Kemenangan Turki atas Kroasia di perempat final pada Sabtu (21/6) dini hari memang dramatis, tapi belum bisa dikatakan sebagai sebuah drama sebagaimana disyaratkan oleh Coover, yang berujung pada “tragedi”. Dan tragedi, kita tahu, adalah puncak ekstase pertunjukan teater.

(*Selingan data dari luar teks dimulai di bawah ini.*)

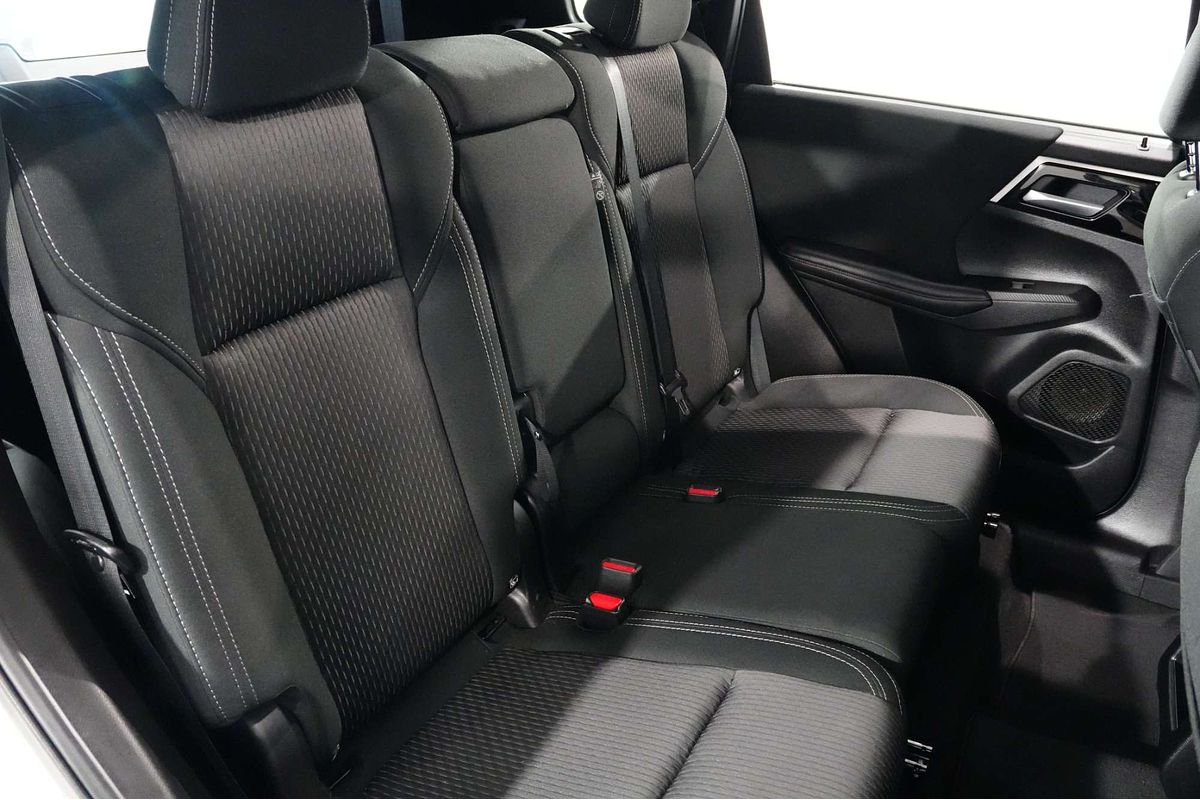 2022 Mitsubishi Outlander ES ZM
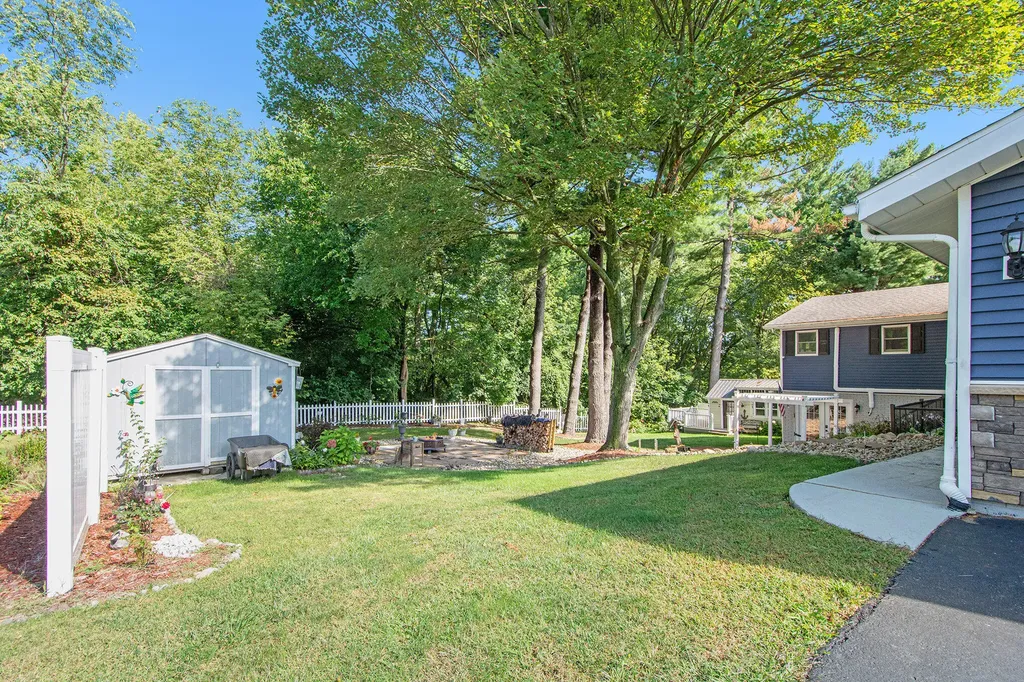 1520 Lamphere Street Hillsdale Township MI 49242
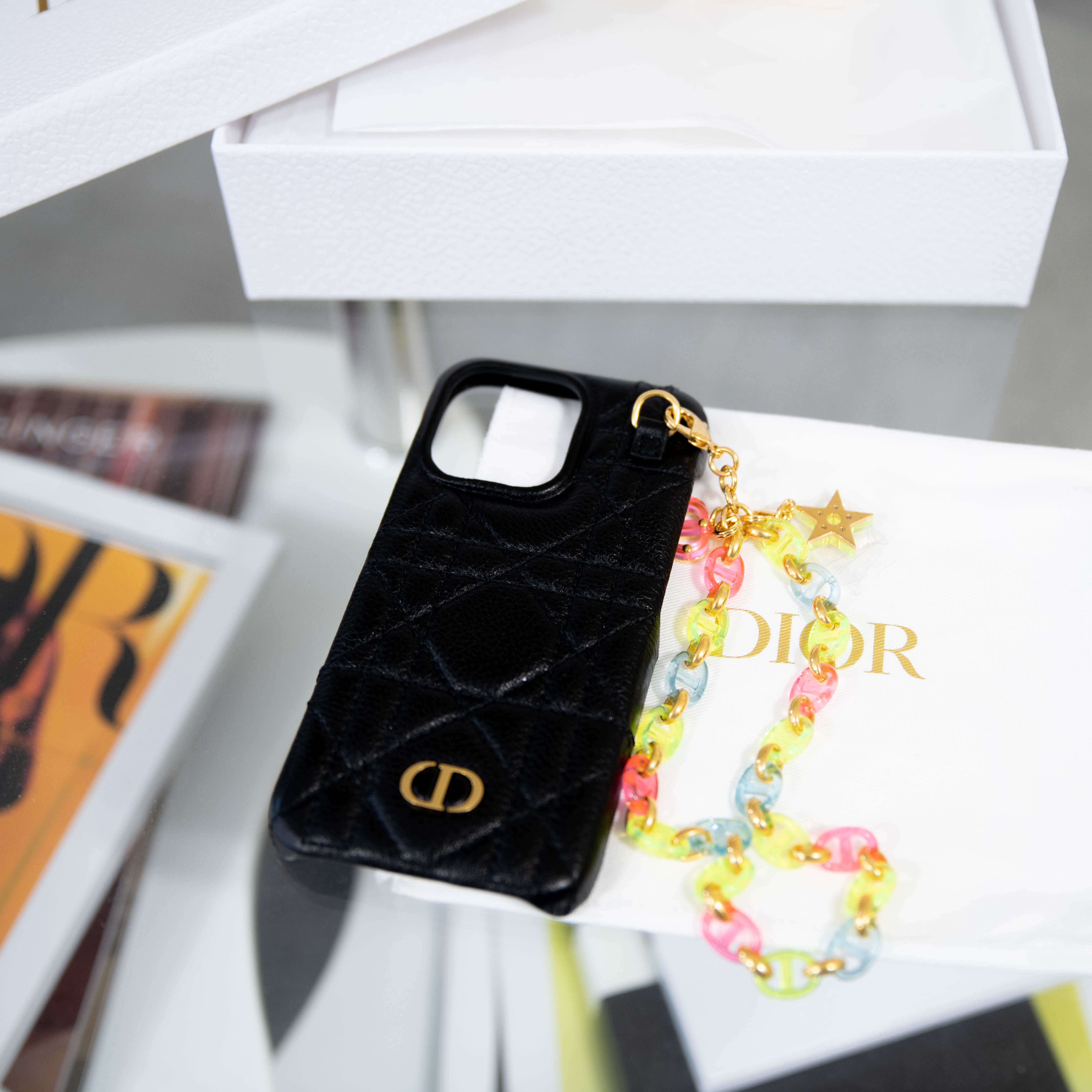 DHL発送☆ディオール☆DIOR IPHONE 13PROケース ストラップ付き (Dior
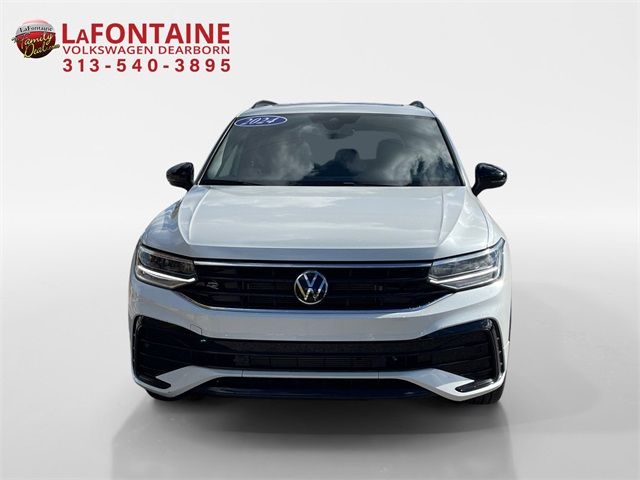 2024 Volkswagen Tiguan SE R-Line Black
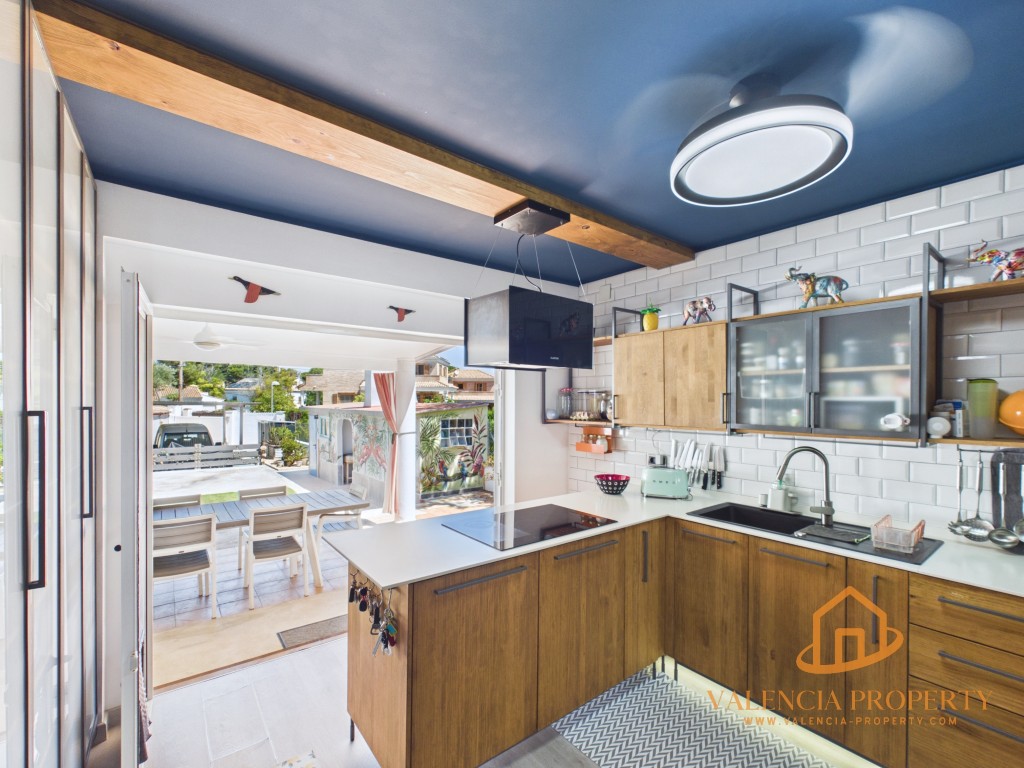 Modern Sustainable Future-Proofed House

Kita memang terhibur dengan permainan apik atraktif Belanda di dua pertandingan saat mengempaskan Italia dan Prancis. Tetapi, dua pertandingan tersebut sekadar pertandingan yang enak ditonton karena kurangnya “sifat teater” di dalamnya. Bila teater adalah proses sebuah peristiwa, proses bagaimana terjadinya gol itu menjadi lebih mengesankan ketimbang berapa jumlah gol yang tercipta. Sejarah akan mengenang proses gol tersebut sebagai sebuah peristiwa teater, sebagaimana gol van Basten di Piala Eropa 1988 yang membawa Belanda kampiun di Eropa. Atau “gol tangan Tuhan” Maradona ke gawang Inggris di babak perempat final Piala Dunia 1986. Itulah elemen dramatis dari proses terciptanya gol. Itulah yang membuat sepak bola menjadi menarik.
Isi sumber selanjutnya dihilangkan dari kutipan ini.